Readability, an experimental view
Readability is an attribute that source code is often claimed to have, but what is it? While people are happy to use the term they have great difficulty in defining exactly what it is (I will eventually get around discussing my own own views in post). Ray Buse took a very simply approach to answering this question, he asked lots of people (to be exact 120 students) to rate short snippets of code and analysed the results. Like all good researchers he made his data available to others. This posting discusses my thoughts on the expected results and some analysis of the results.
The subjects were first, second, third year undergraduates and postgraduates. I would not expect first year students to know anything and for their results to be essentially random. Over the years, as they gain more experience, I would expect individual views on what constitutes readability to stabilize. The input from friends, teachers, books and web pages might be expected to create some degree of agreement between different students’ view of what constitutes readability. I’m not saying that this common view is correct or bears any relationship to views held by other groups of people, only that there might be some degree of convergence within a group of people studying together.
Readability is not something that students can be expected to have explicitly studied (I’m assuming that it plays an insignificant part in any course marks), so their knowledge of it is implicit. Some students will enjoy writing code and spends lots of time doing it while (many) others will not.
Separating out the data by year the results for first year students look like a normal distribution with a slight bulge on one side (created using
plot(density(1_to_5_rating_data)) in R).
year by year this bulge turns (second year):
into a hillock (final year):
It is tempting to interpret these results as the majority of students assigning an essentially random rating, with a slight positive bias, for the readability of each snippet, with a growing number of more experienced students assigning less than average rating to some snippets.
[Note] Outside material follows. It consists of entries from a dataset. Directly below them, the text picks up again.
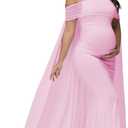 Maternity Mesh Off Shoulder Chiffon Cloak Maxi Photoshoot Dress (Pink, M)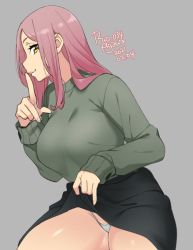 Rule 34 | 1girl, 2021, agawa ryou, breasts, brown eyes, dated, finger to mouth, green sweater, grey background, large breasts, long hair, looking at viewer, original, panties, pink hair, simple background, smile, solo, sweater, thick thighs, thighs, underwear, white panties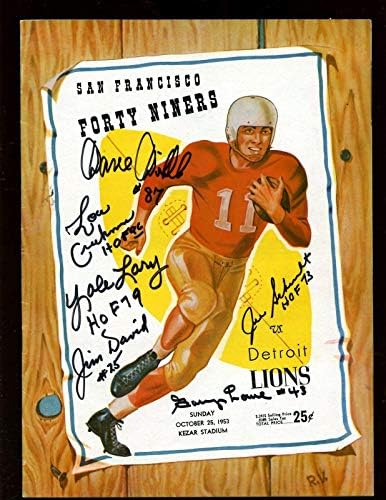 10-25 1953 תוכנית NFL דטרויט אריות בסן פרנסיסקו 49'ers 6 חתימות אקס - תוכניות NFL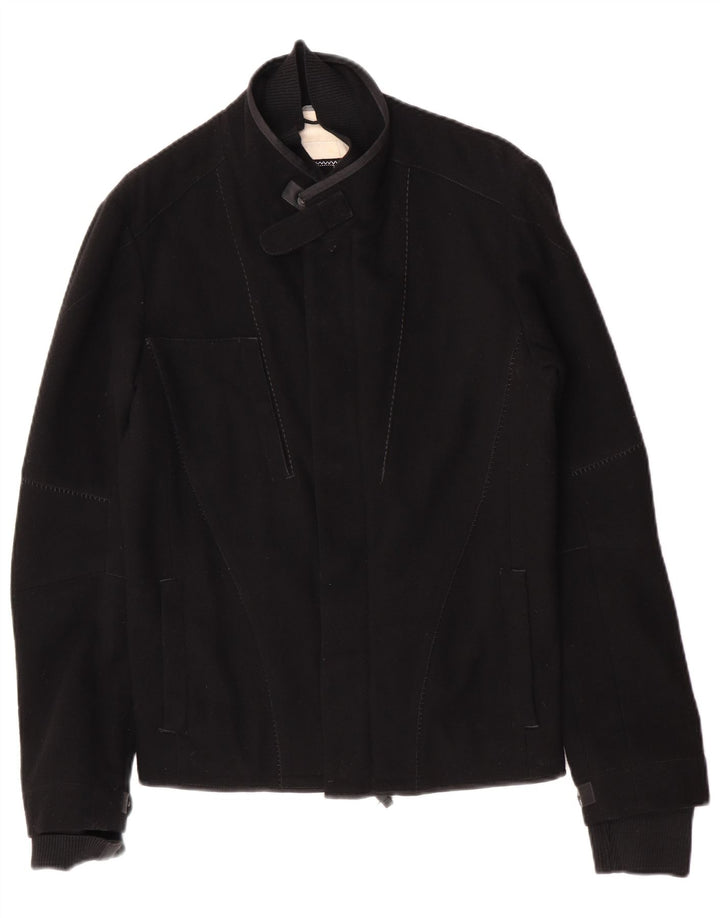 Marithe Francois Girbaud Mens Bomber Jacket UK 38 Medium Black Virgin Wool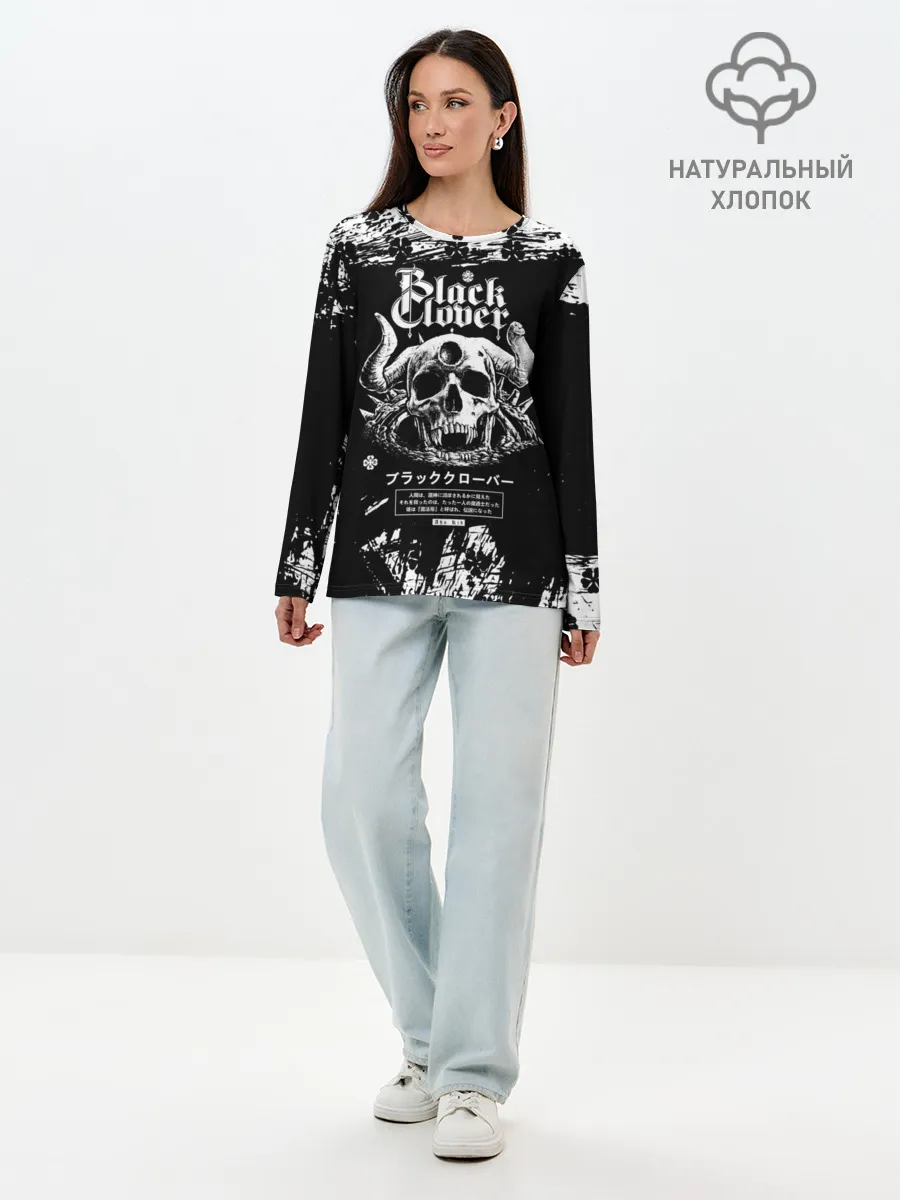 Лонгслив женский. Хлопок / Чёрный клевер череп демона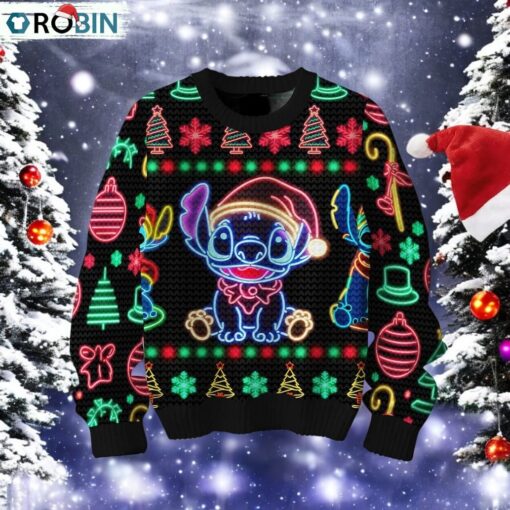 Stitch Christmas Light Vector Design Christmas Sweater, Sweatshirt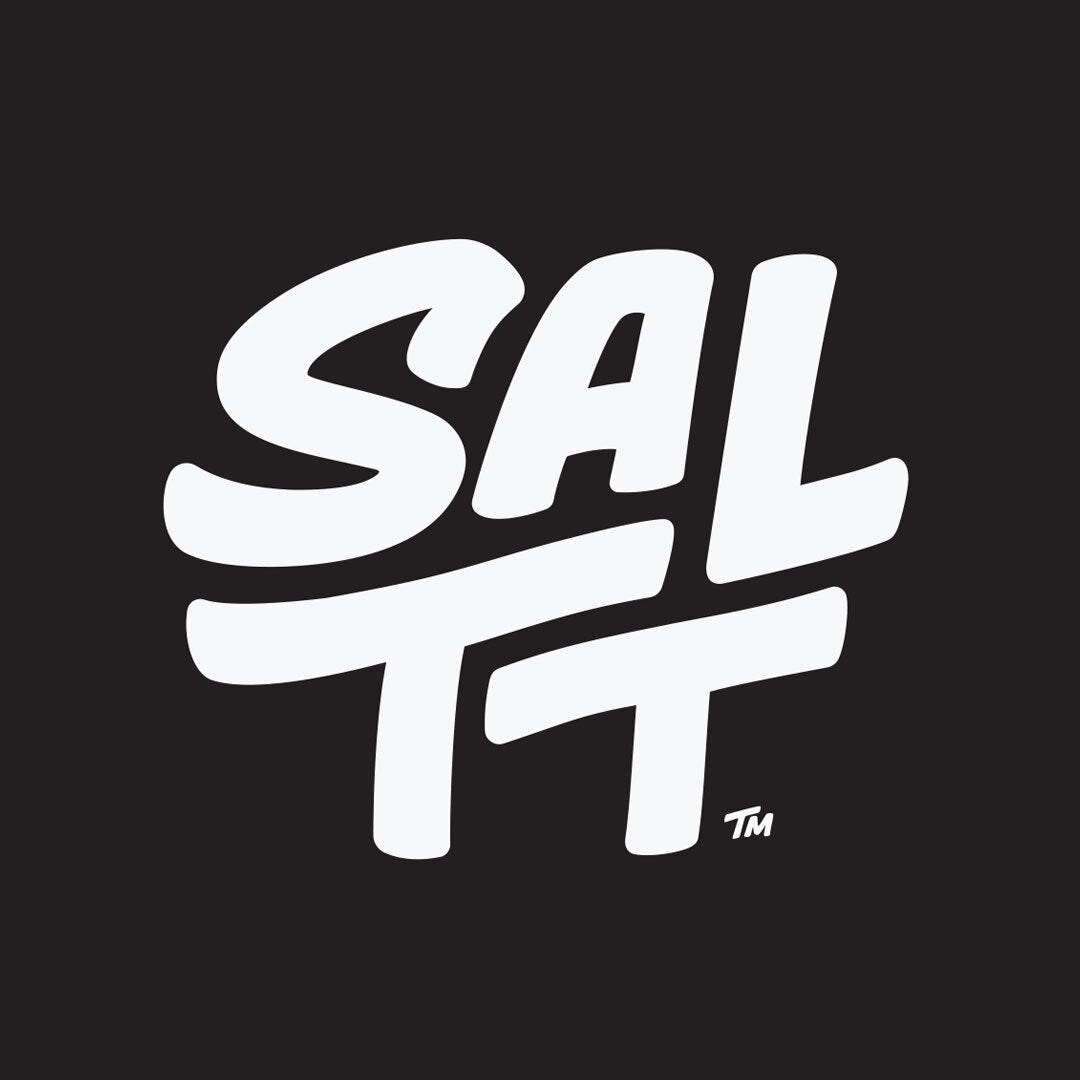 SALTT logo in bold white letters on black background representing the Ultra Variety Electrolyte Drink Mix - 15 Sticks product.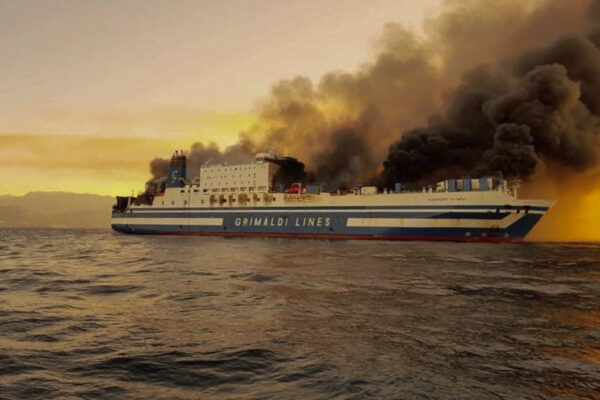 A ferry is on fire at the Ionian Sea near the island of Corfu, Greece, on Friday, Feb. 18, 2022. More than 280 people have been evacuated from the ferry in northwestern Greece that caught fire overnight, while heading to southern Italy, authorities said. (Lazos Madikos/debater.gr. via AP)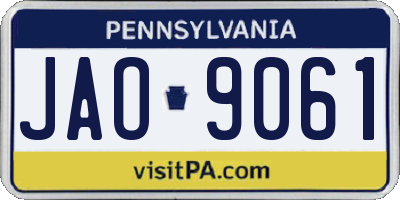PA license plate JAO9061
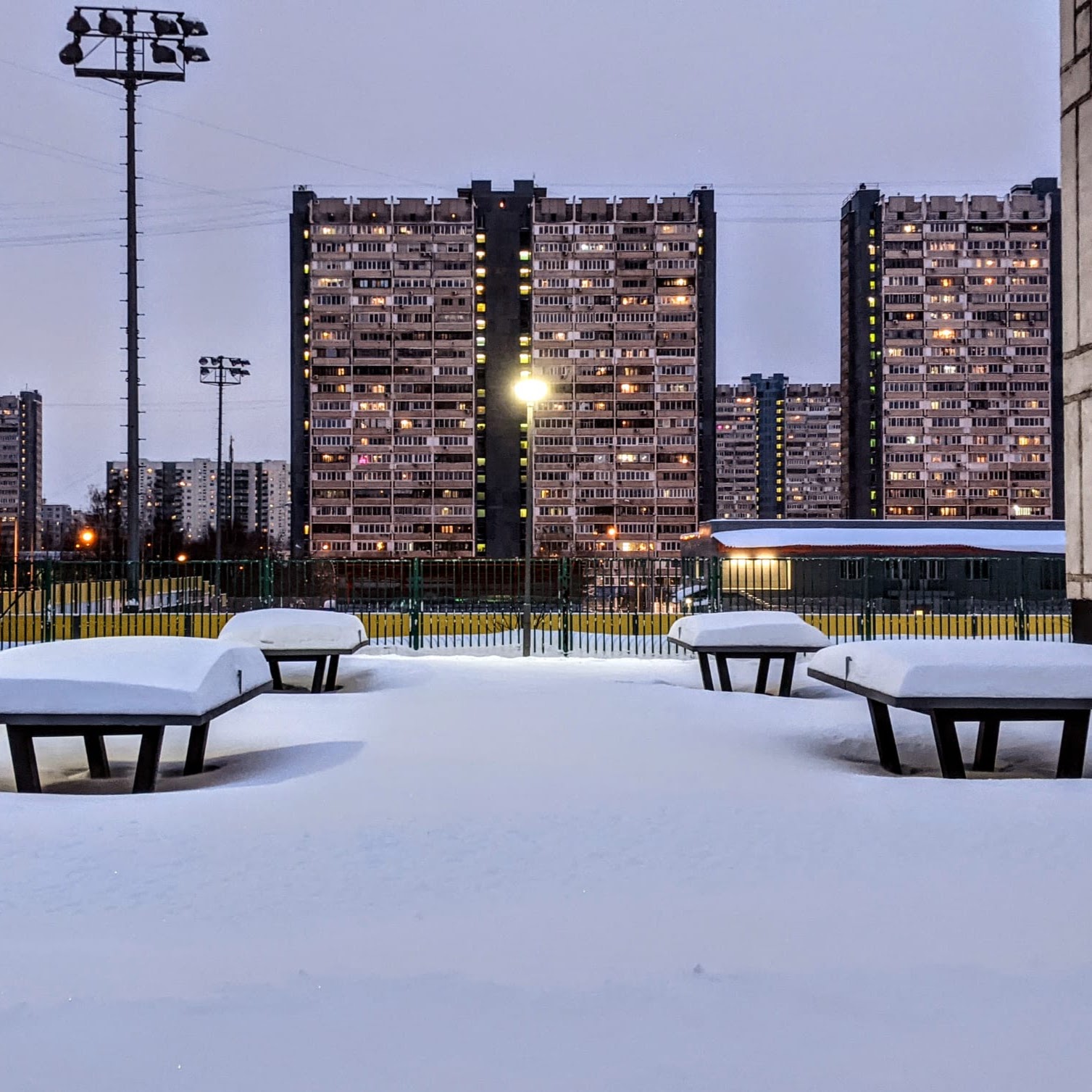 Winter Outside my School in Moscow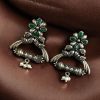 German silver peacock stud earrings with pearl and stone detailing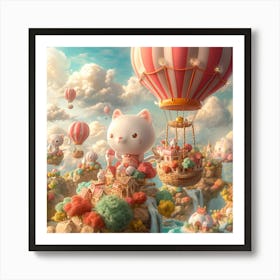 Cute Kitties In Hot Air Balloons Art Print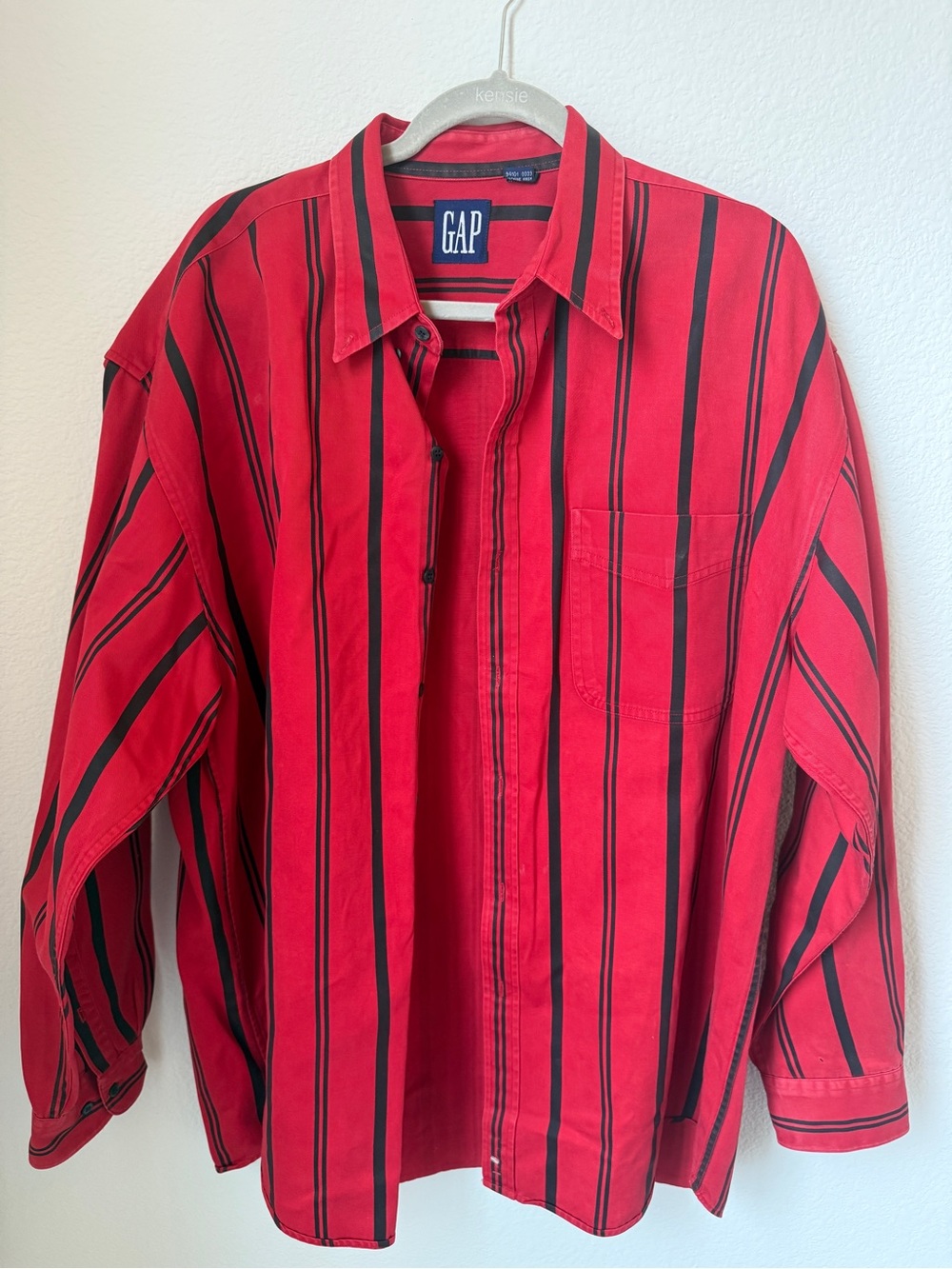 GAP Red Shirt with Black Horizontal Stripe Detail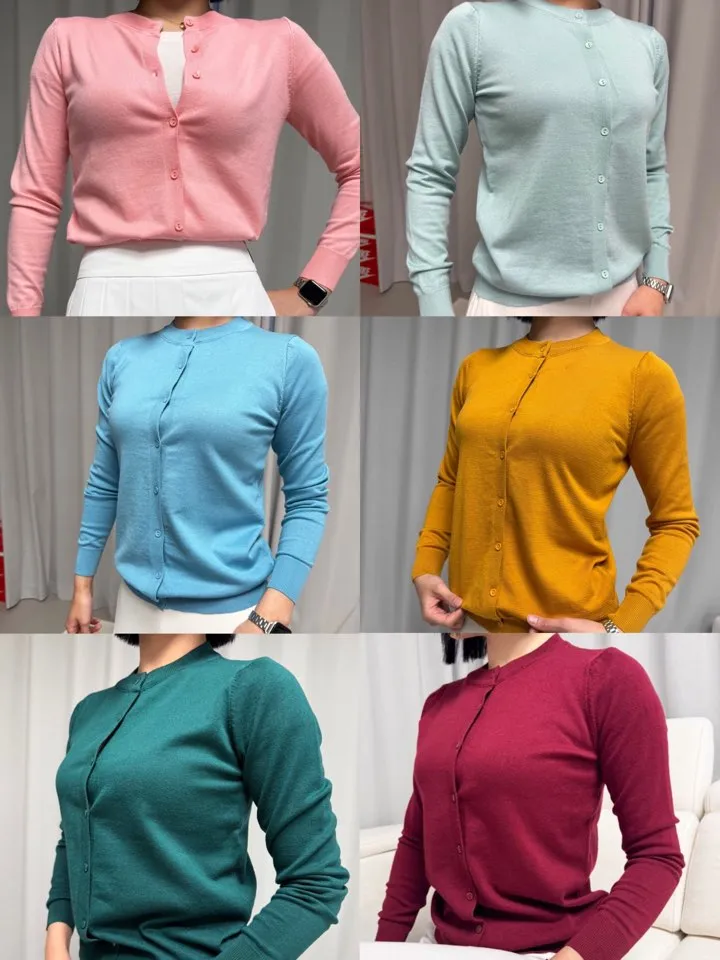 [빅사이즈/12COLOR] 기본템 심플 라운드넥 스판 니트 가디건 상세 이미지 4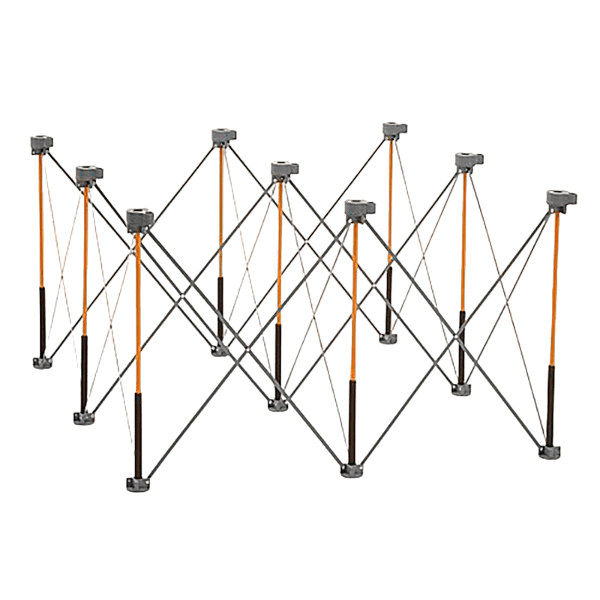 Expandable metal workstand frame with orange accents and sturdy cross braces for versatile home improvement use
Do the student’s view converge to a common opinion on readability? The answers appears to be No. An analysis of the final year data using Fleiss’s Kappa shows that there is virtually no agreement between students ratings. In fact every Interrater Reliability and Agreement function I tried said the same thing. Some cluster analysis might enable me to locate students holding similar views.
In an email exchange with Ray Buse I learned that the postgraduate students had a relatively wide range of computing expertise, so I did not analyse their results.
I wish I had thought of this approach to measuring readability. Its simplicity makes it amenable for use in a wide range of experimental situations. The one change I would make is that I would explicitly create the snippets to have certain properties, rather than randomly extracting them from existing source.